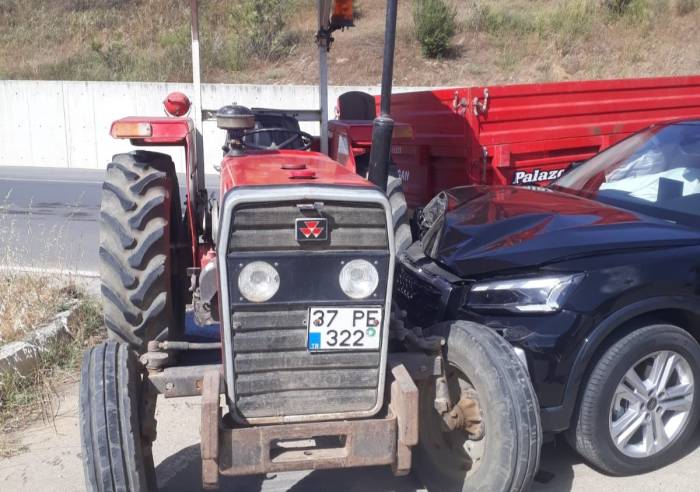 Otomobil Traktöre Çarptı: 1 Yaralı
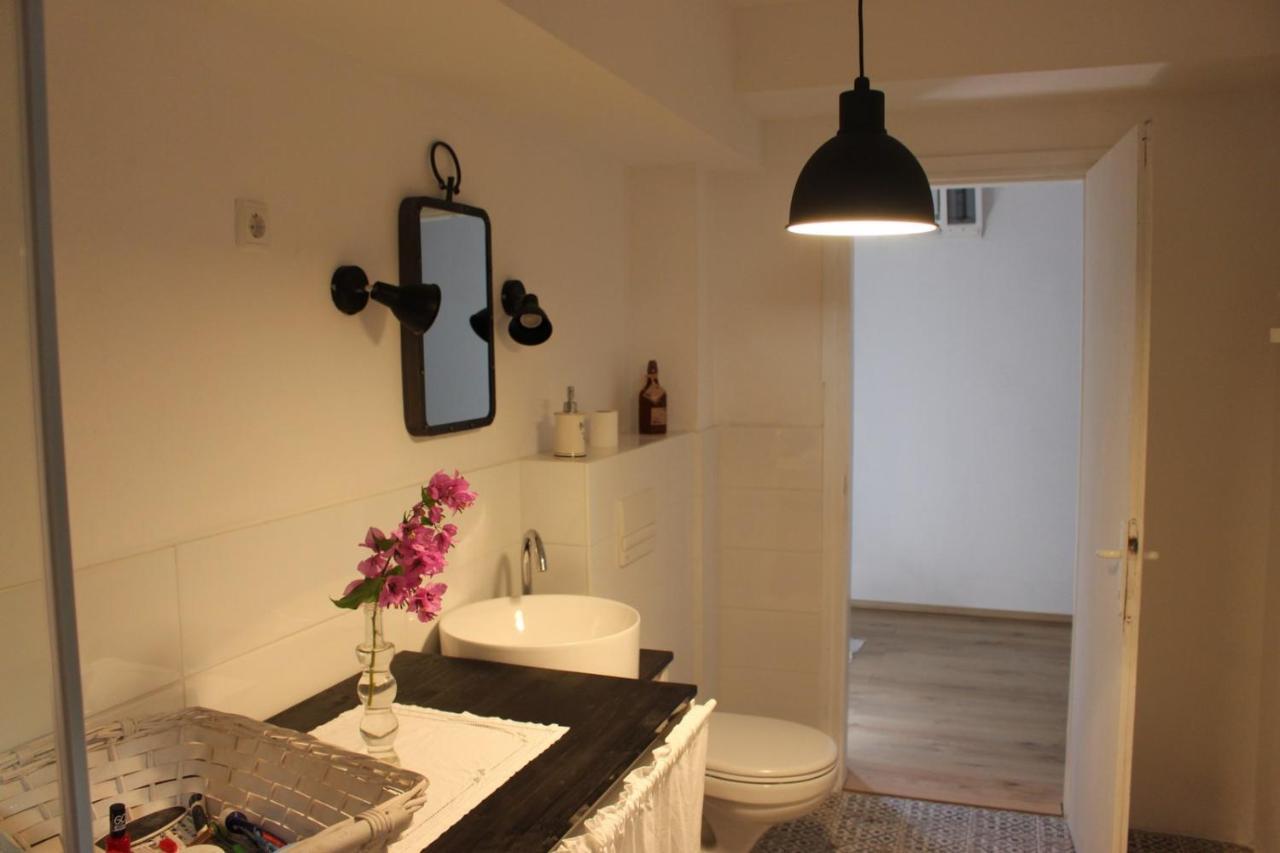 Blue Harbour No. 15 Apartment Veli Iz Exterior photo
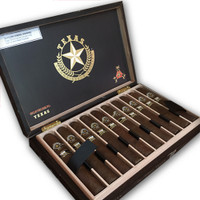 Montecristo Connoisseur Edition Texas Titan Cigars - Natural Box of 10 Montecristo Connoisseur Edition Texas Titan Cigars - Natural Box of 10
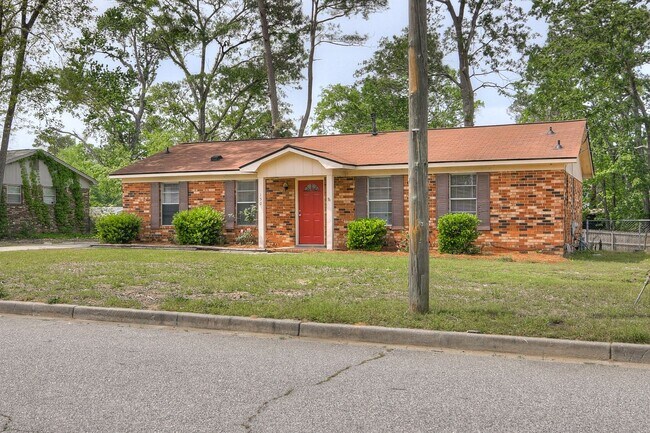 Foto del edificio - Brick Ranch in Columbia County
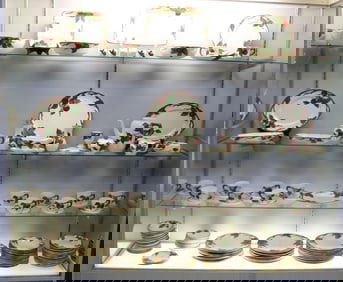 141 PCS. FRANCISCAN APPLE, 16 CUPS & SAUCERS,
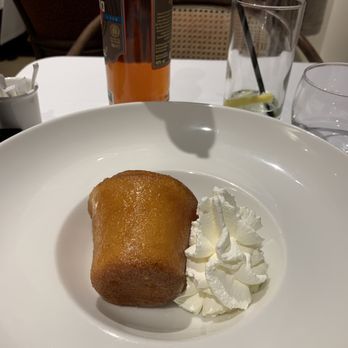 Le Sud - Dessert: rum baba - French Near Me - Lyon, 69 Le Sud - Dessert: rum baba - French Near Me - Lyon, 69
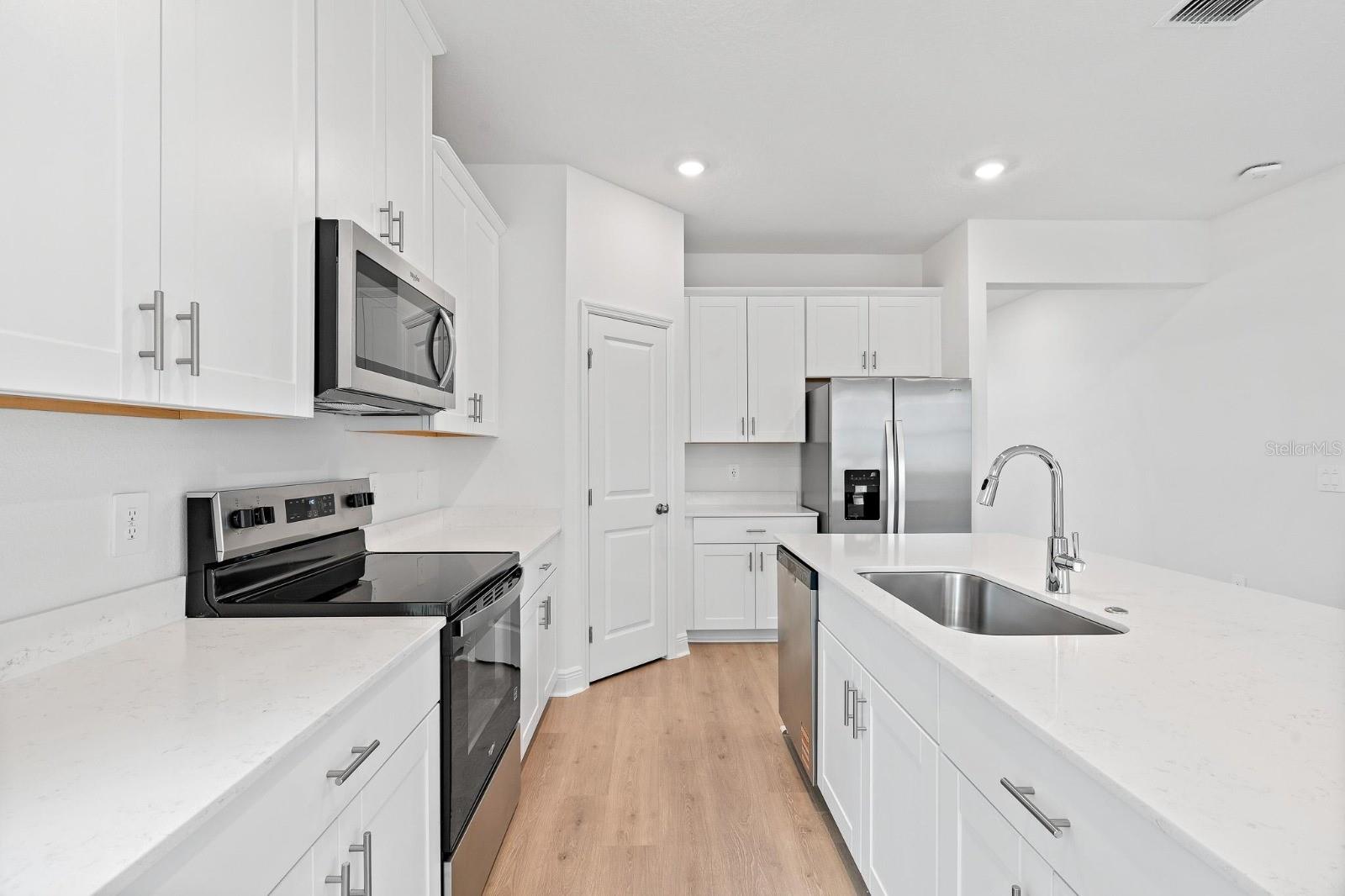 Image 8 of 40 For 2276 Hen Road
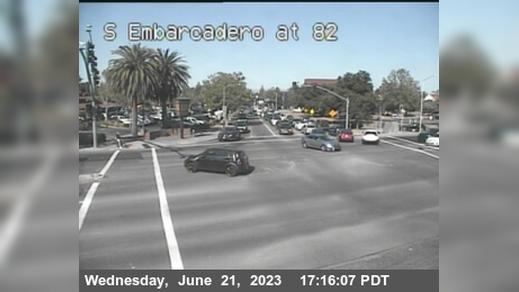 Traffic Cam Palo Alto › South: T028S -- SR082 : Embarcadero Player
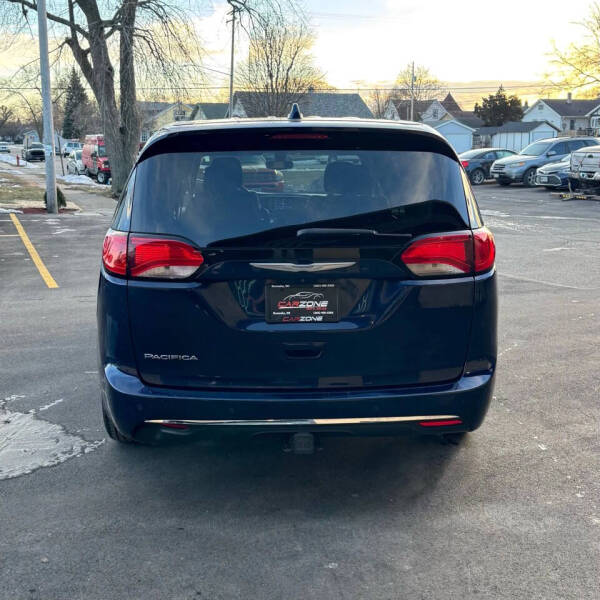 2018 Chrysler Pacifica Touring Plus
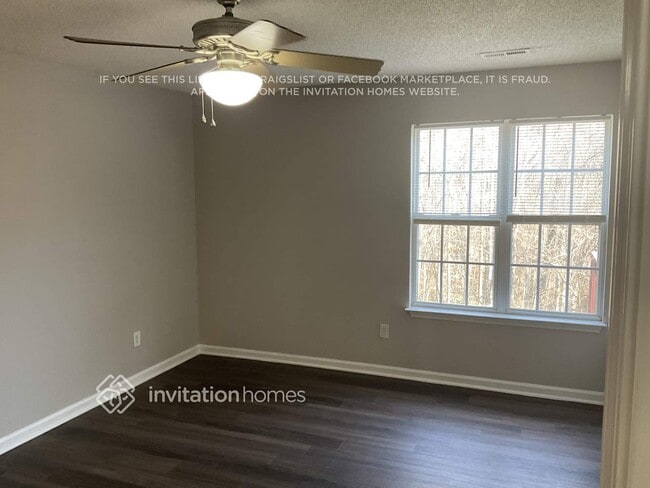 Building Photo - 329 Tanner Ct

+ + + +

__TASK INSTRUCTIONS__.
With pictures omitted, reproduce exactly the lines from the line containing "Traffic Cam Palo" through the end of the data above.

__SOLUTION__.
 Traffic Cam Palo Alto › South: T028S -- SR082 : Embarcadero Player
 2018 Chrysler Pacifica Touring Plus
 Building Photo - 329 Tanner Ct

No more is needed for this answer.